Feeding hedgehogs; . . The movie; . . . . . A bird feeds on the debris
Day 2 - To the Ferry, then Plymouth to Santander
Having overnighted, son and I set off for the ferry terminal. Tomtom is programmed to take us there by the quickest route. A road closure requires a re-route to take us round the blockage, not too much time lost.
We get to the ferry terminal, where our little group is meeting up in a cafe.
The photo of Tomtom's screen shows it rained a little on this leg, the only time on the whole trip.
The day's route . . . . . . . . . . . . Tomtom's stats for the day . . . Clearer view of the stats
We queue up for check-in with tickets, passports and Covid vaccination certificates at the ready.
Waiting ... inching forwards ... repeat ... check-in.
Then queuing - waiting ... inching forwards ... repeat ... passport and security check.
Then queuing - waiting ... onto the ferry ... our group being split up as we are directed to various parts of the bike deck. Me? I'm directed to the worst possible position, right at the front of a tunnel beside a loading ramp, I'll probably be the last to get off. Such is life.
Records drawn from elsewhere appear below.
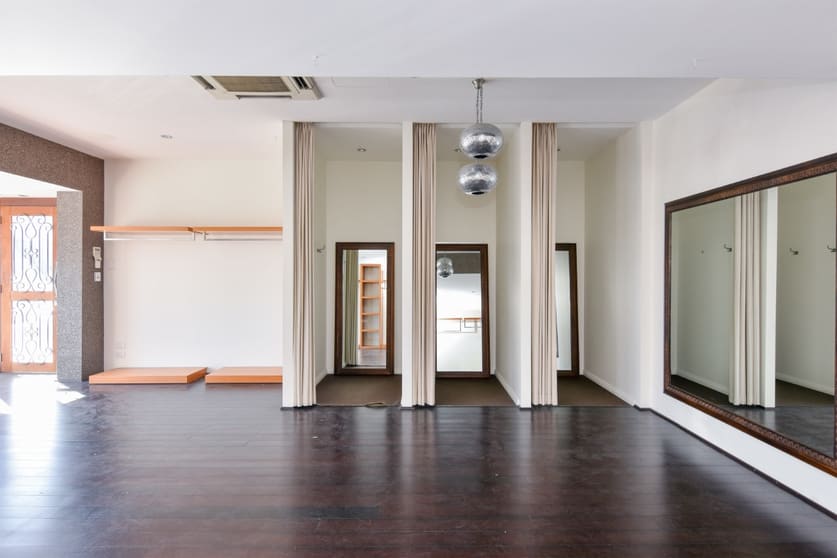 Click to view all images Shop 2/543 Stirling Highway Cottesloe WA 6011 - Image 2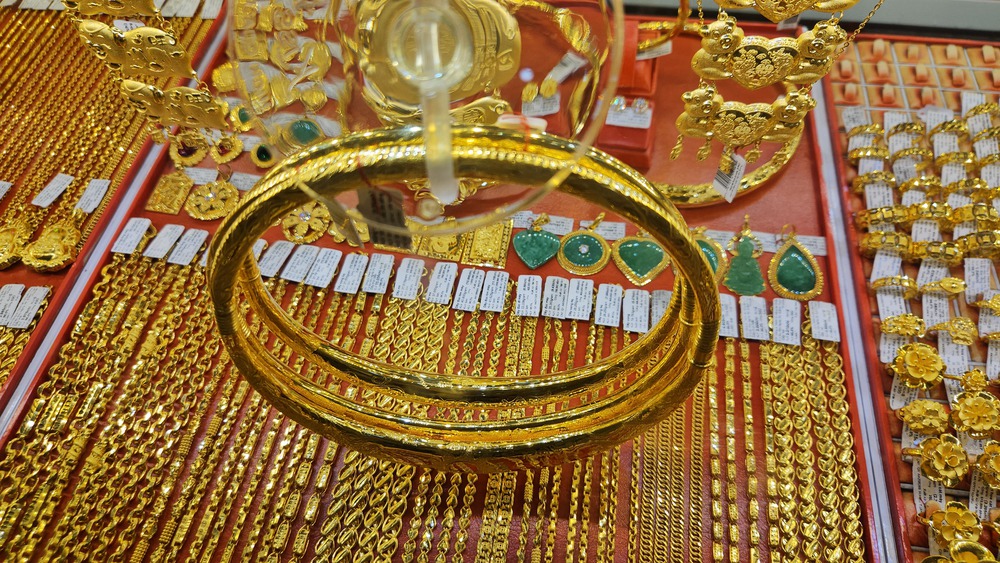 Vàng Mi Hồng và chuyện ông chủ giữ nghề bằng chữ tín, giữ khách bằng sự đàng hoàng- Ảnh 4. Vàng Mi Hồng và chuyện ông chủ giữ nghề bằng chữ tín, giữ khách bằng sự đàng hoàng- Ảnh 4.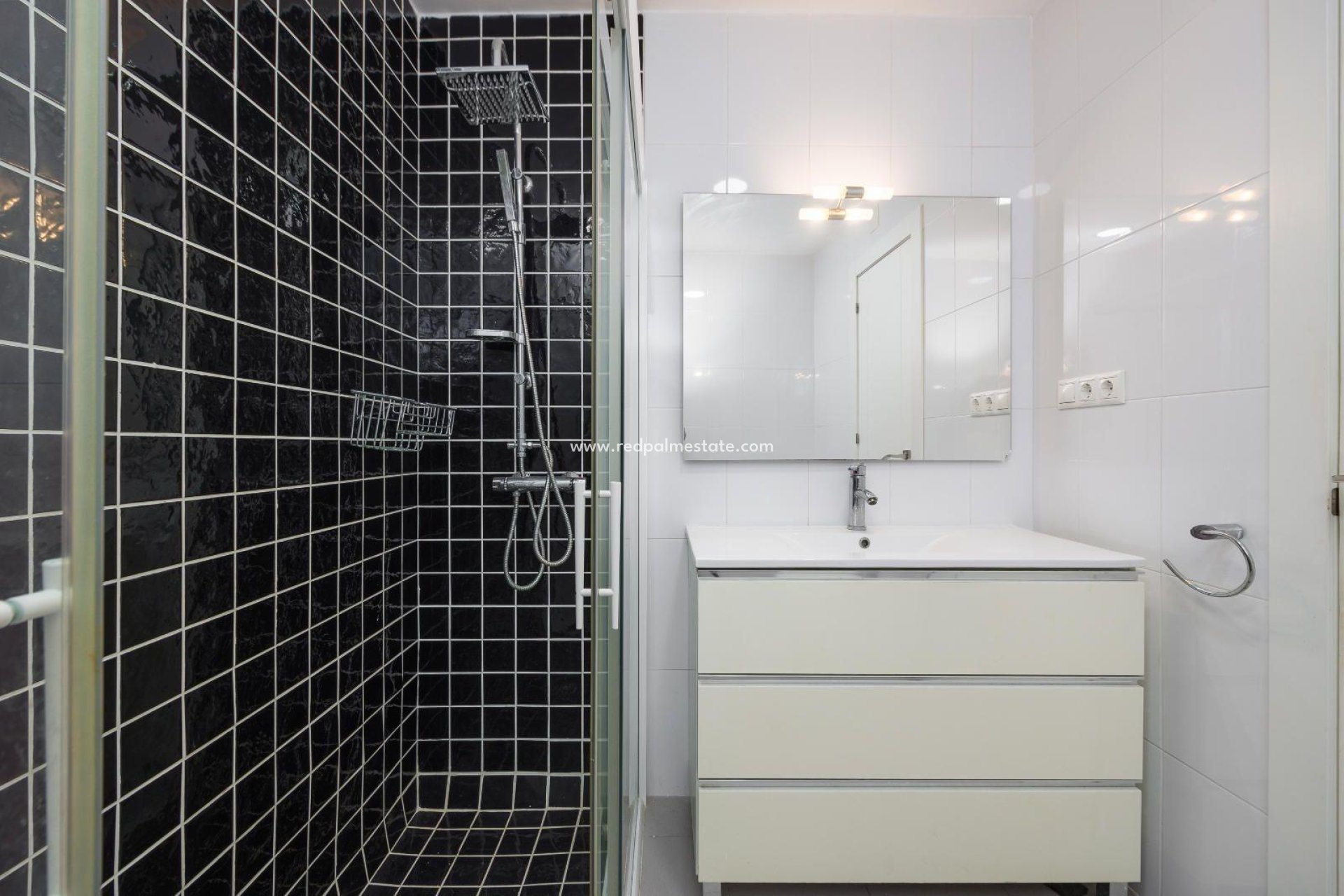 Resale - Apartment -
Torrevieja - El Acequión - Los Náufragos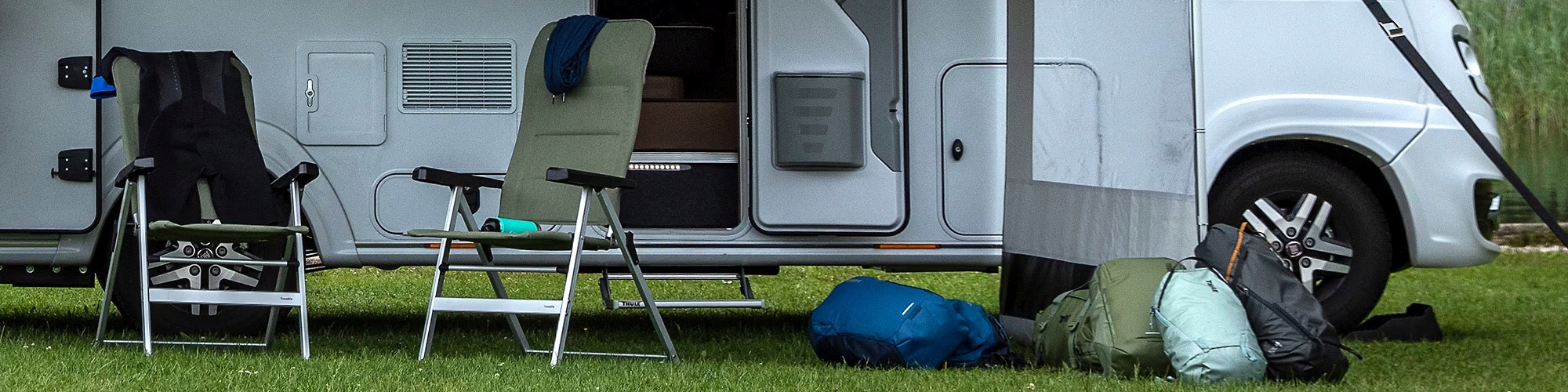 STOPIEN WEJSCIOWY THULE DOUBLE STEP 440 12 V Brand Thule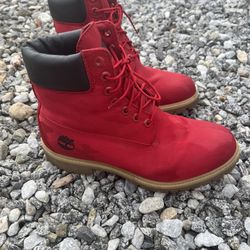 Timberland (size 8) 6” Limited Edition - Valentines Day - Camo Red (A15LB) Boots*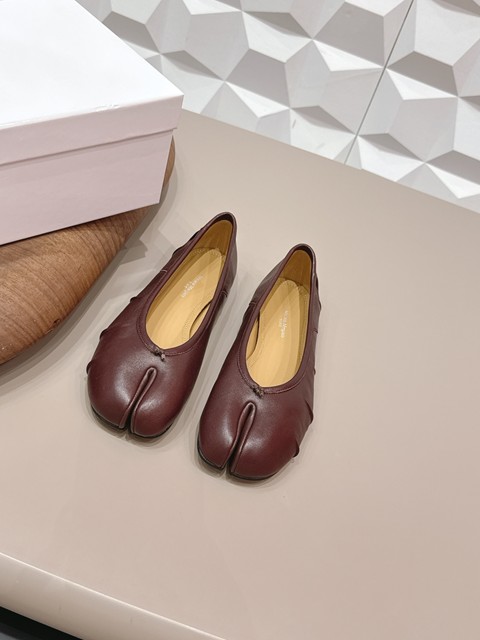 Maison Margiela メゾンマルジェラ MM6 エムエムシックス タビバレエシューズ 木目細か シューズ なめし革 足袋 タビ バレー レディース パンプス 棲み家 マルジェラ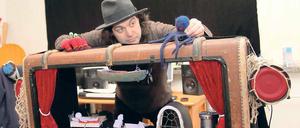 Spannende Kiste. Beim „teatro sonido“ ist Jan Barahona Muñoz der Mann für alles: Schauspieler und Autor, Dramaturg, Tontechniker, Requisiteur. Auf dem Spielplan seines Koffertheaters stehen Krimis für große und kleine Leute – ohne Worte, aber dafür mit einer ausgefeilten Geräuschkulisse.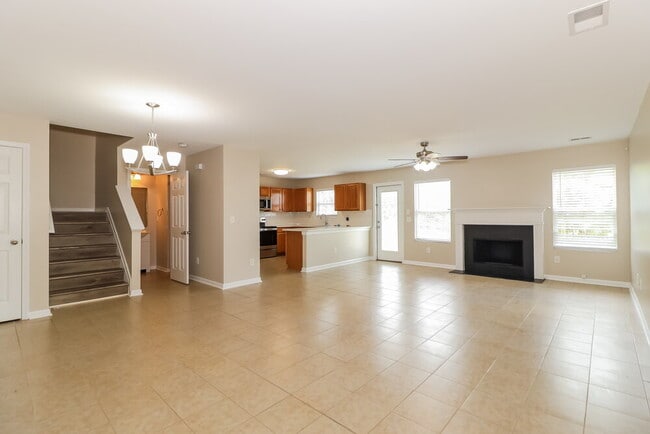 Photo - 2945 Mayfair Dr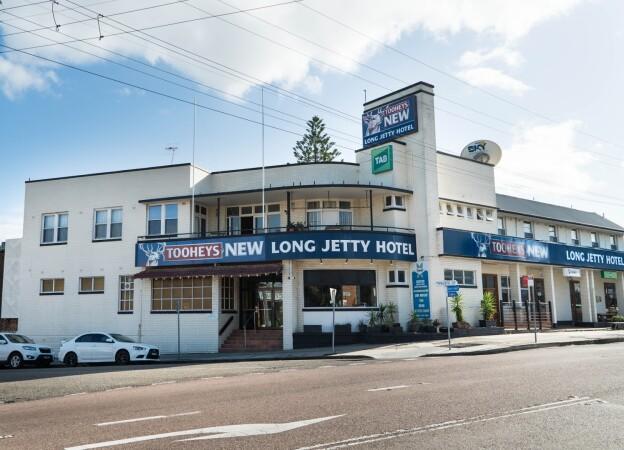 Best Sports Bars in Long Jetty - Long Jetty Hotel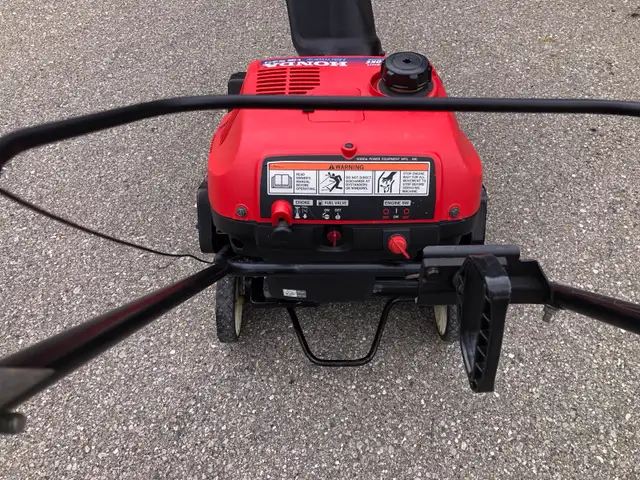 Honda Harmony HS520 snowblower - Photo 5
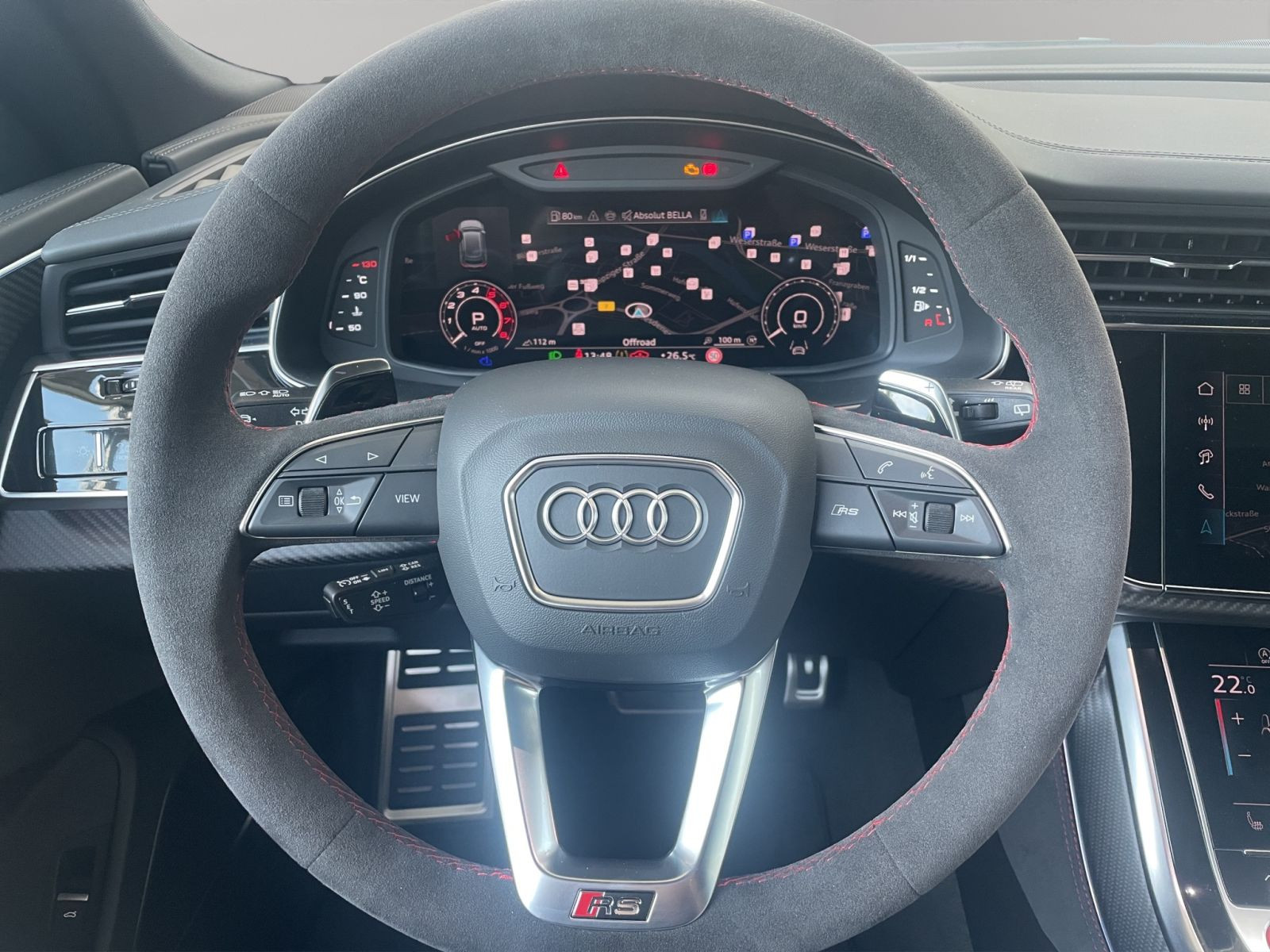 Audi - RS Q8_12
Stairs up to our cabin deck, find our cabin, a sort-out and a shower - very welcome, it gets very hot with all the waiting around in the warm sunshine, the loading, carrying luggage while wearing motorcycling kit up several flights of stairs. (Yes there is a lift, but I'm far too impatient to wait for it.)
Now in civvies, we go to Ri's and JA's cabin, large enough for a get-together. Bottles of wine and glasses are produced so we can celebrate the ferry departing Plymouth.
A bit later, we go to the better restaurant for dinner - JA has already booked us in. The food is well up to standard, very acceptable French cuisine
Then a nightcap and bed.
The ferry doesn't get to Santander in Spain until 2:00pm UK time, 3:00 pm Spanish time. (The ferry uses UK time, strange since it's French owned and run, and its destination is in the same time zone as France.)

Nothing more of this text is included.